第 19 天：文件处理¶

第19天
文件处理
文件类型
💻 练习：第19天

📘 第19天¶

文件处理¶

到目前为止，我们已经了解了不同的Python数据类型。我们通常在不同的文件格式中存储数据。除了处理文件外，在本节中我们还将看到不同的文件格式（.txt、.json、.xml、.csv、.tsv、.excel）。首先，让我们熟悉使用常见文件格式（.txt）处理文件。

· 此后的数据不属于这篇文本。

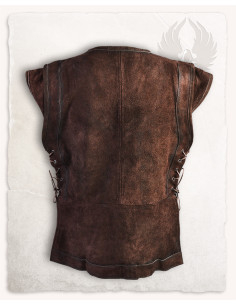 Medieval closed vest made of suede model Penda, brown 2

文件处理是编程的重要部分，它允许我们创建、读取、更新和删除文件。在Python中，处理数据我们使用内置函数 open()。

Python

# 语法
open('filename', mode) # mode(r, a, w, x, t, b) 可以是读取、写入、更新

"r" - 读取 - 默认值。打开文件进行读取，如果文件不存在则返回错误
"a" - 追加 - 打开文件进行追加，如果文件不存在则创建文件
"w" - 写入 - 打开文件进行写入，如果文件不存在则创建文件
"x" - 创建 - 创建指定的文件，如果文件已存在则返回错误
"t" - 文本 - 默认值。文本模式
"b" - 二进制 - 二进制模式（例如图像）

打开文件进行读取¶

open 的默认模式是读取，因此我们不必指定'r'或'rt'。我已经在files目录中创建并保存了一个名为reading_file_example.txt的文件。让我们看看它是如何完成的：

Python

f = open('./files/reading_file_example.txt')
print(f) # <_io.TextIOWrapper name='./files/reading_file_example.txt' mode='r' encoding='UTF-8'>

如上例所示，我打印了打开的文件，它提供了一些关于文件的信息。已打开的文件有不同的读取方法：read()、readline、readlines。打开的文件必须用 close() 方法关闭。

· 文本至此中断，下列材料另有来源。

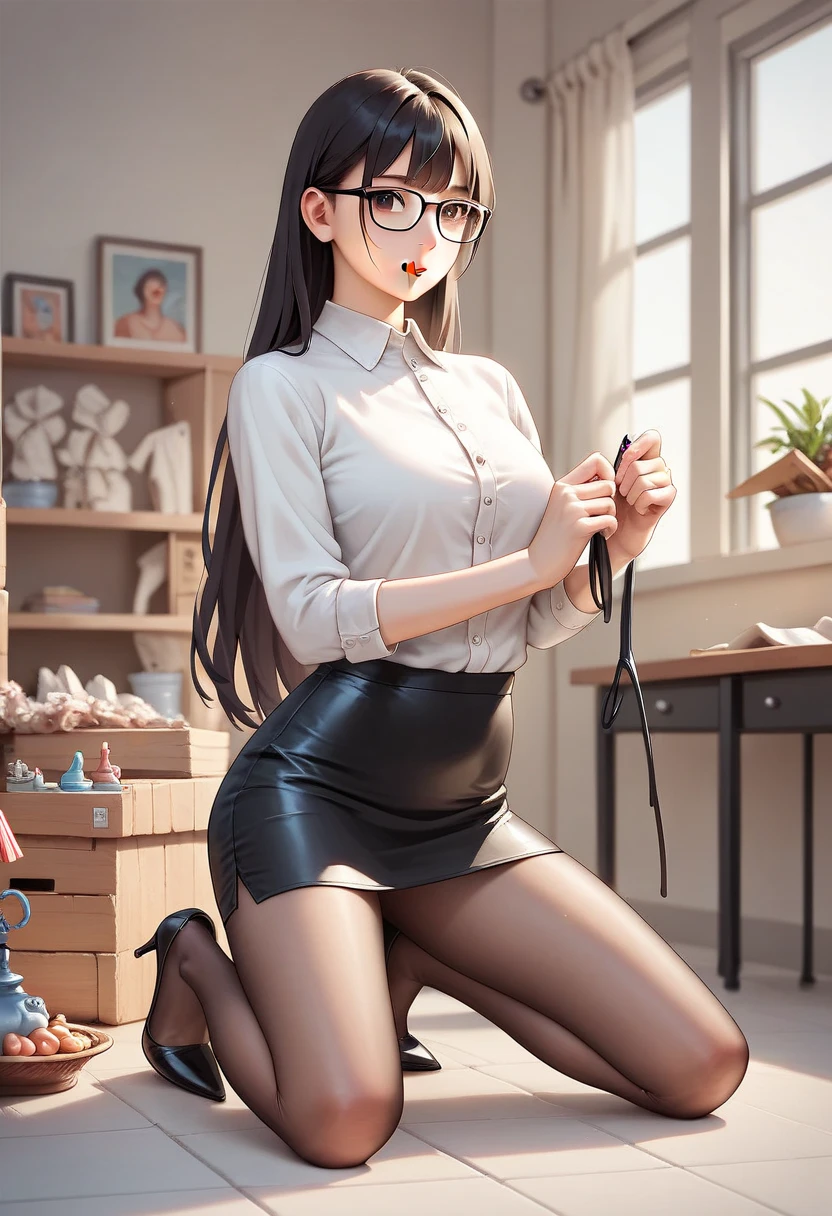 ((best quality)), ((masterpiece)), (detailed), 1 thinny girl, slim wist, perfect face, Aesthetic sexual, very huge , very short leather skinny skirt, withe wet shirt, black stockings, long hair, glasses, hands raised on her head, (spread legs)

read()：将整个文本作为字符串读取。如果我们想限制想要读取的字符数，可以通过向 read(number) 方法传递int值来限制。

Python

f = open('./files/reading_file_example.txt')
txt = f.read()
print(type(txt))
print(txt)
f.close()

Bash

# 输出
<class 'str'>
This is an example to show how to open a file and read.
This is the second line of the text.

与其打印所有文本，不如打印文本文件的前10个字符。

Python

f = open('./files/reading_file_example.txt')
txt = f.read(10)
print(type(txt))
print(txt)
f.close()

Bash

# 输出
<class 'str'>
This is an

readline()：只读取第一行

Python

f = open('./files/reading_file_example.txt')
line = f.readline()
print(type(line))
print(line)
f.close()

Bash

# 输出
<class 'str'>
This is an example to show how to open a file and read.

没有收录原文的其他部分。